CMSIは、カッパーマーク、国際金属鉱業評議会(ICMM)、カナダ鉱業協会(MAC)、ワールド・ゴールド・カウンシル(WGC)の4団体が参画する共同プロジェクト。現在、採鉱業界では複数の責任採鉱基準が並立しており、企業にとって認証取得の負担が大きいことが課題となっていた。統合基準は、既存の4つの基準の優れた要素を一つに統合し、採鉱から精錬、精製、その後の工程まで、金属のバリューチェーン全体をカバーする包括的な基準となる。
今回の最終協議では、バーチャル公開ウェビナーの開催、市民社会組織や政府関係者への直接説明、先住民族組織との専門的な対話など、多様な形式で意見収集を行う。協議文書は英語、フランス語、スペイン語、ロシア語、アラビア語、中国語(簡体字)、日本語、ブラジルポルトガル語の8言語で提供される。

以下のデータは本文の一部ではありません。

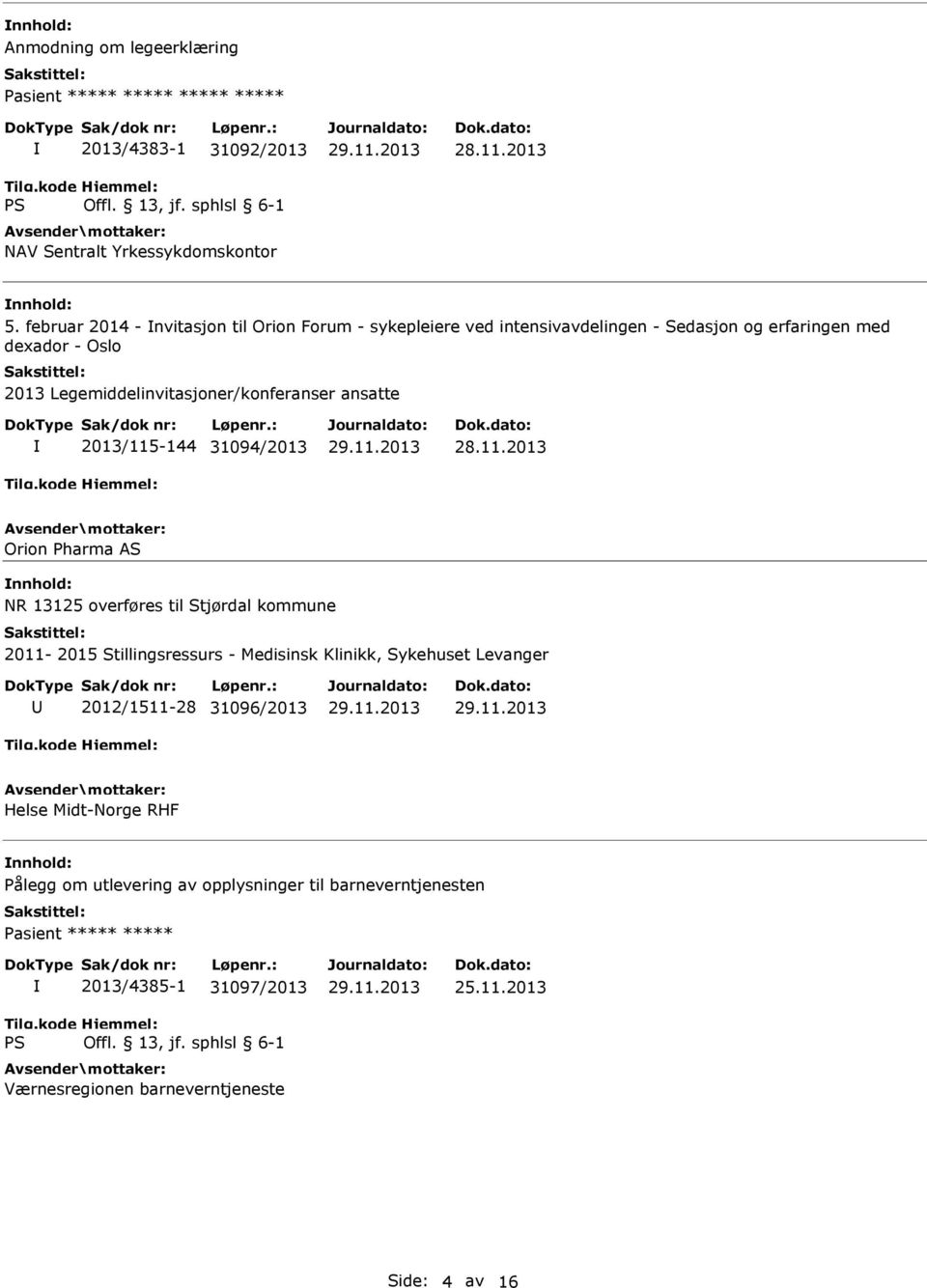 Legemiddelinvitasjoner/konferanser ansatte 2013/115-144 31094/2013 Orion Pharma AS NR 13125 overføres til Stjørdal kommune 2011-2015 Stillingsressurs -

2024年10月から12月に実施された第1回パブリックコンサルテーションでは、25カ国から192のステークホルダーが参加し、約4,700件の個別コメントが寄せられた。これらの意見を反映した改訂版が今回の協議対象となっている。統合基準の策定プロセスは、国際的な基準設定機関であるISEALの優良実践規範に準拠し、透明性と包括性を確保している。
採鉱業界における責任ある事業慣行への関心は近年急速に高まっている。特に電気自動車や再生可能エネルギー設備に不可欠な銅やニッケルなどの需要増加に伴い、環境・社会・ガバナンス(ESG)面での取り組み強化が求められている。カッパーマークによると、現在世界で採掘される銅の40%が同団体の認証を受けた鉱山で生産されており、統合基準の導入により、さらなる責任ある採鉱の普及が期待される。
最終的な統合基準は、多様なステークホルダーが参加する独立した理事会によって承認される予定で、2026年前半の正式発表を目指している。採鉱業界の標準化と持続可能な発展に向けた重要な一歩となることが期待される。